■ **TASK INPUTS**:
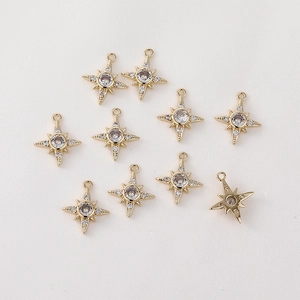 14K gold plated North Star charms with sparkling cubic zirconia for DIY jewelry making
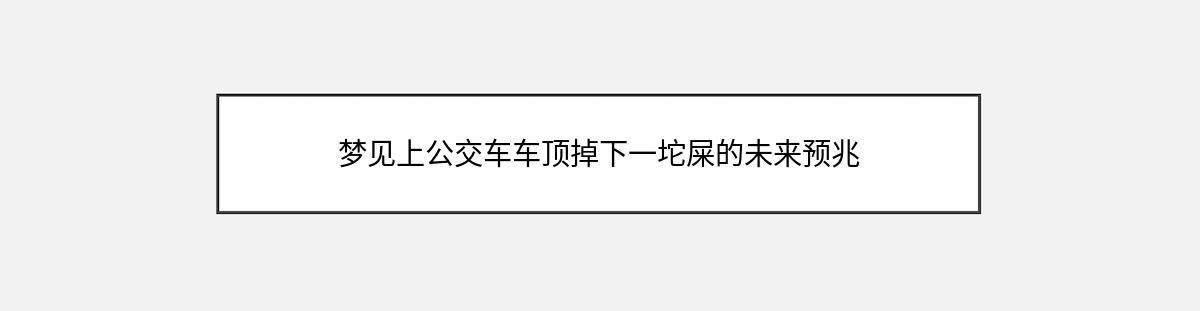 梦见上公交车车顶掉下一坨屎的未来预兆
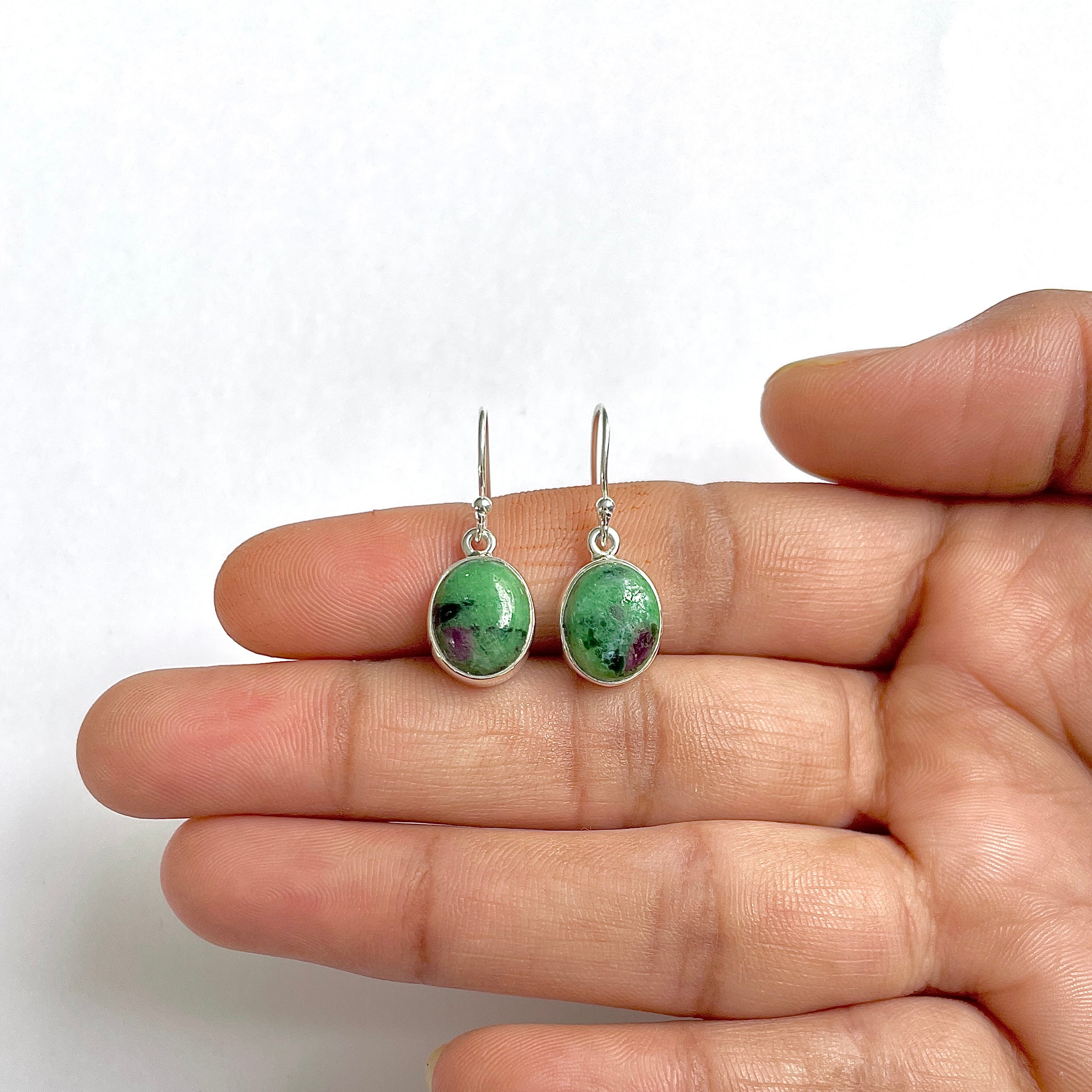Ruby Zoisite Earring-(RZS-3-2)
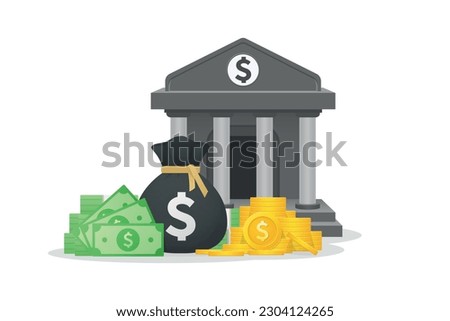 3d cartoon style bank building, coins, paper currency, money bag and bundles of money with dollar sign . Minimal Bank deposit, Financial investment and currency concept.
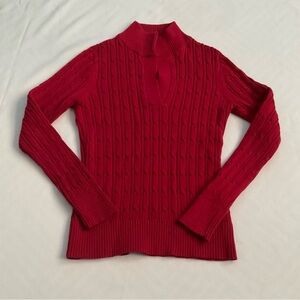 Luz claiborne petite womens Red collared‎ cable knit pullover sweater size XS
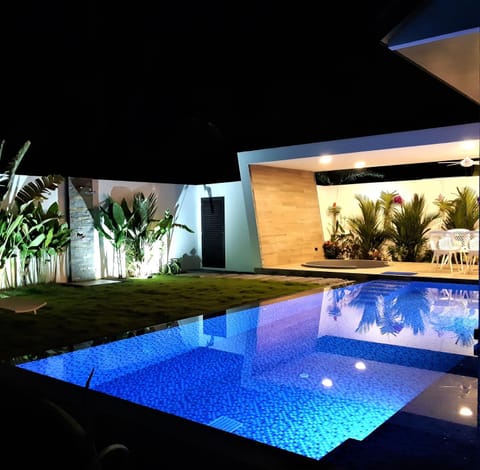 Night, Balcony/Terrace, Swimming pool, Swimming pool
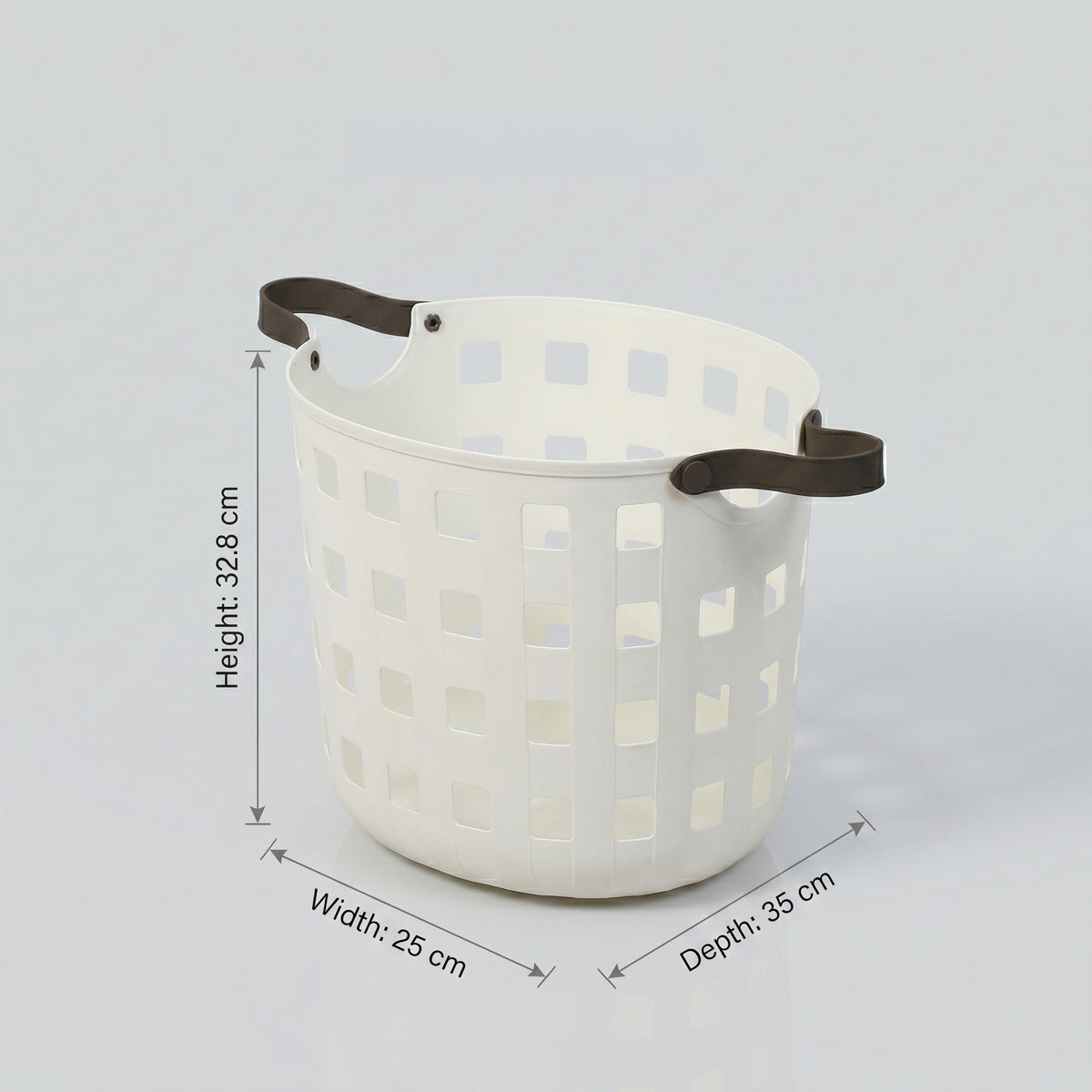 White Flexible Laundry Basket with leather Handles by Zodiya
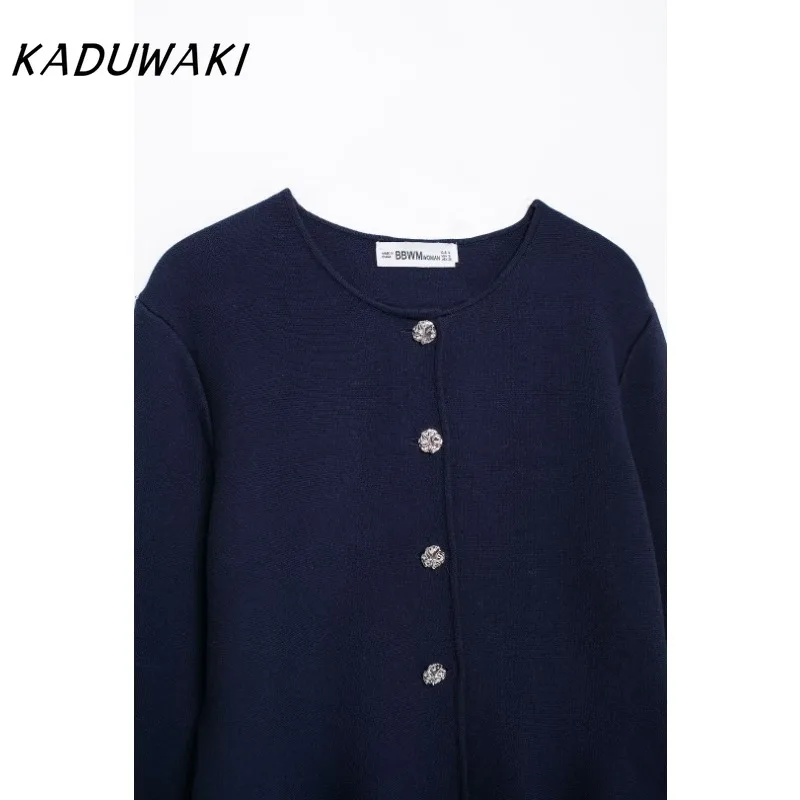 KADUWAKI French Retro Spring Knitted Set Women Short Skirt Style Hem Cardigan Clothing Button Top Spring Cardigan Casual Sweater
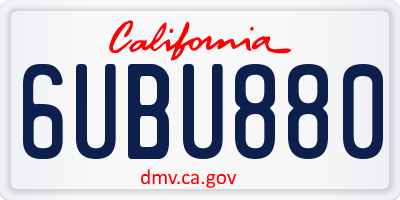 CA license plate 6UBU880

■ **WHAT THE TASK ASKS**:
Could the entries above be written out word for word, with no pictures?

■ **RESPONSE AREA**:
 14K gold plated North Star charms with sparkling cubic zirconia for DIY jewelry making
 梦见上公交车车顶掉下一坨屎的未来预兆
Ruby Zoisite Earring-(RZS-3-2)
 3d cartoon style bank building, coins, paper currency, money bag and bundles of money with dollar sign . Minimal Bank deposit, Financial investment and currency concept.
 Luz claiborne petite womens Red collared‎ cable knit pullover sweater size XS
 Night, Balcony/Terrace, Swimming pool, Swimming pool
 White Flexible Laundry Basket with leather Handles by Zodiya
 KADUWAKI French Retro Spring Knitted Set Women Short Skirt Style Hem Cardigan Clothing Button Top Spring Cardigan Casual Sweater
 CA license plate 6UBU880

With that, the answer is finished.